Tokens that could benefit if Congress passes CLARITY Act

Congress is advancing the CLARITY Act to set federal rules for digital assets; tokens tied to trading, lending and staking protocols may be repriced if institutional activity on public chains rises.

Congress is advancing the Digital Asset Market Clarity Act, known as the CLARITY Act, which would define federal rules for digital assets and assign regulatory responsibilities for tokens and firms that trade them. The House approved an earlier version in 2025 and the Senate Banking Committee advanced the bill in May; supporters and some analysts expect further congressional action in coming weeks, though final text and timing remain uncertain as lawmakers negotiate provisions.
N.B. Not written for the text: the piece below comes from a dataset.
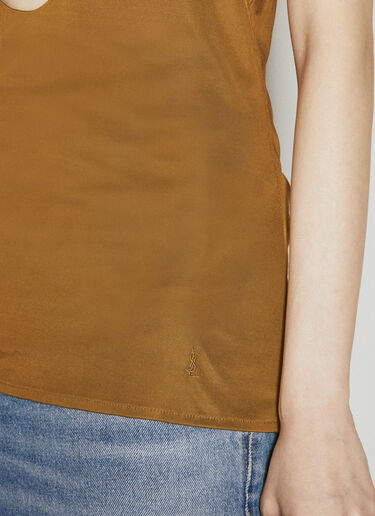 Cassandre Tank Top Saint Laurent Cassandre Tank Top Brown sla0254028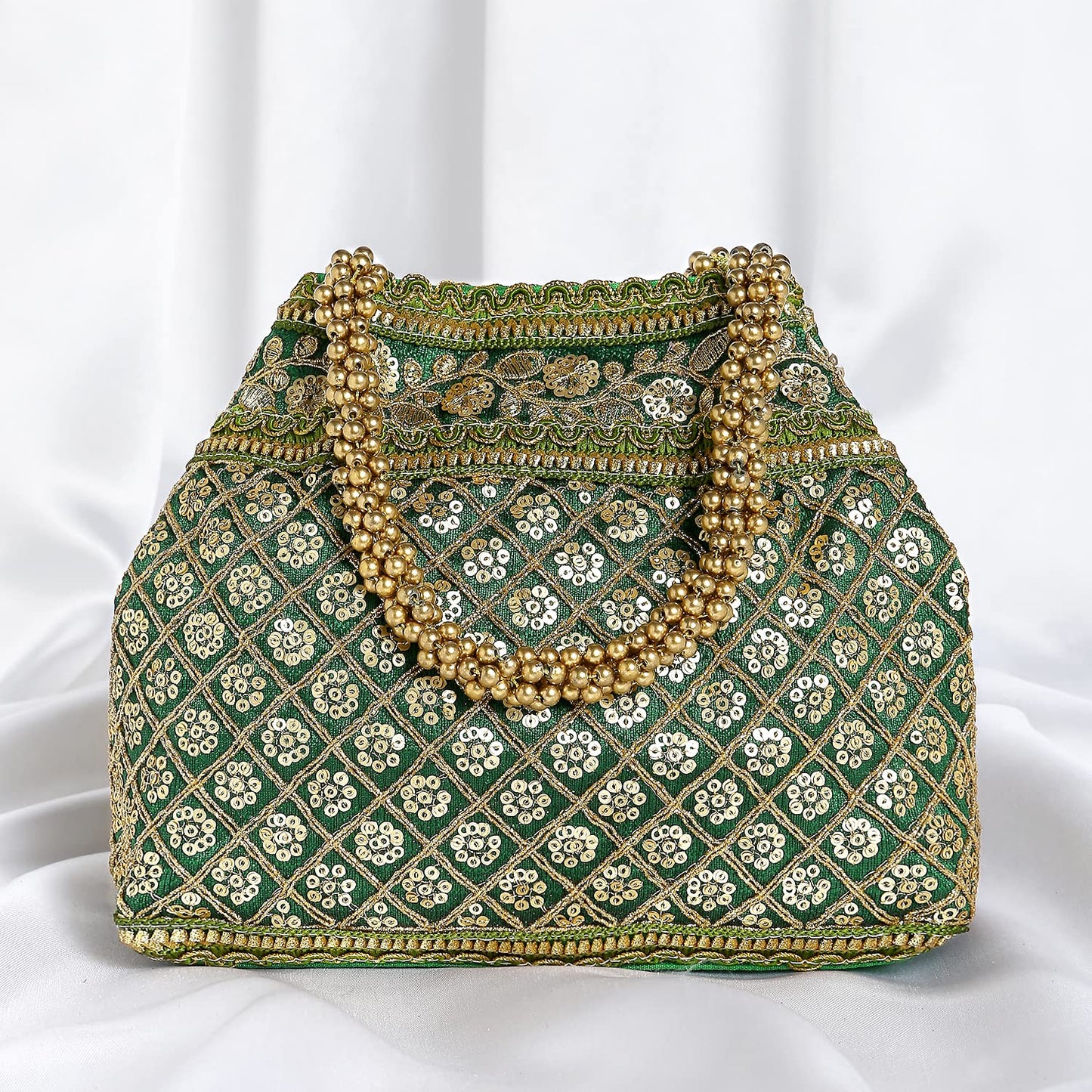 Peora Cream & Green Potli Combo Handbags Gift for Women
Asset manager Grayscale compiled a ranking of protocols by trailing 12-month protocol revenue and highlighted projects that could see valuation changes if clearer rules increase institutional participation on public blockchains. Grayscale noted that banks, asset managers and other regulated firms may be more willing to transact on-chain if the law clarifies whether specific tokens fall under securities or commodities rules.

Hyperliquid led Grayscale’s list with $871 million in protocol revenue through June 24 and a HYPE circulating market capitalization of about $13.46 billion, implying a trailing revenue multiple near 15. Pump.fun recorded $459 million in revenue and a circulating market value near $456 million, roughly 1 times revenue. PancakeSwap generated $322 million in revenue while its CAKE token had a circulating value near $425 million, about 1 times revenue.

Jupiter, a Solana-based aggregator, posted $130 million in revenue and a $716 million market cap, around 6 times revenue. Aerodrome, Meteora and Raydium reported revenues between $46 million and $124 million with market valuations that imply single-digit revenue multiples.

Uniswap’s profile differs: the exchange generated $49 million in protocol revenue and its UNI token had a circulating market value near $1.78 billion, or about 37 times revenue. That multiple was the highest among the 15 protocols in Grayscale’s ranking.

In lending markets, Aave produced $125 million in trailing revenue and an AAVE circulating market cap near $1.17 billion, about 9 times revenue. Sky, previously known as Maker, generated $248 million and carried a valuation around $1.24 billion, roughly 5 times revenue. Grayscale noted that clearer rules for tokenized credit and stablecoins could affect demand for borrowing and lending infrastructure on public networks.

Staking and infrastructure providers also appear on the list. Lido Finance had $77 million in protocol revenue and an LDO market value near $216 million, about 3 times revenue. Ether.fi posted $56 million in revenue and an ETHFI market cap around $314 million, implying a multiple near 6.

Grayscale highlighted that twelve of the fifteen projects traded at single-digit multiples of trailing revenue. The firm pointed out limitations in comparing protocol revenue to corporate earnings because fees can flow to validators, liquidity providers, developers or protocol treasuries, and because locked token supplies affect circulating market-cap measures.

The CLARITY Act would not guarantee higher token prices. The effect on valuations will depend on final legislative language and on whether institutions choose to interact directly with open protocols or prefer permissioned systems and regulated intermediaries.